§ EXERCISE
Skip the pictures. Retype exactly, and only, the lines between the line holding "Buch Bestseller Claudia" and the last line below, inclusive.

§ DATA
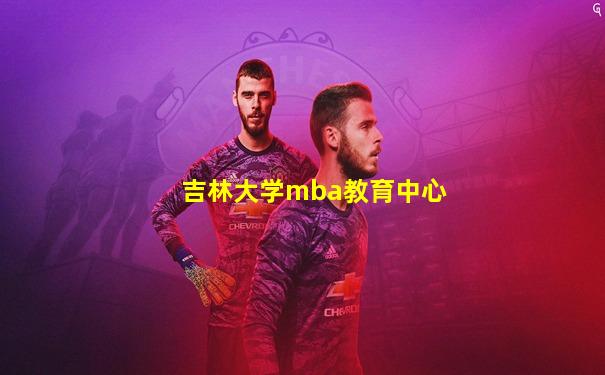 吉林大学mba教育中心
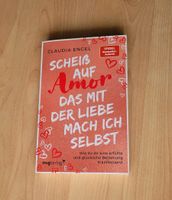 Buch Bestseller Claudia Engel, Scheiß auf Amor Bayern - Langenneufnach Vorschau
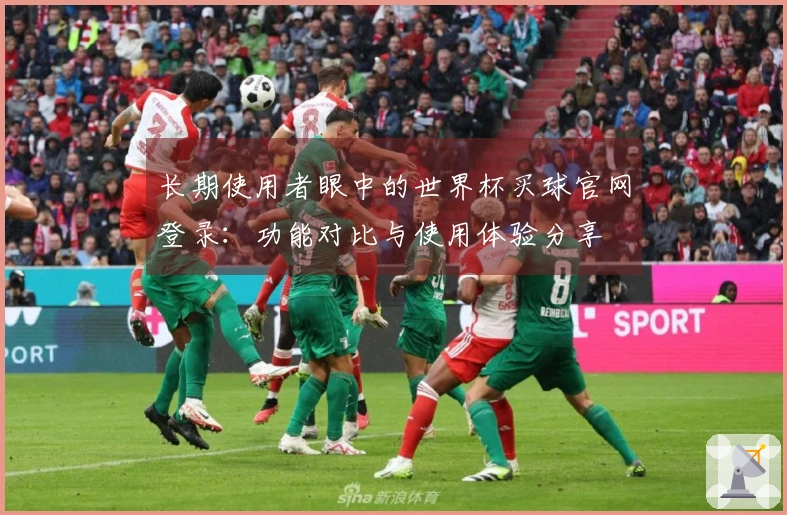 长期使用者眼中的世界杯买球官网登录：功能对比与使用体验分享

§ WRITTEN RESPONSE
 Buch Bestseller Claudia Engel, Scheiß auf Amor Bayern - Langenneufnach Vorschau
 长期使用者眼中的世界杯买球官网登录：功能对比与使用体验分享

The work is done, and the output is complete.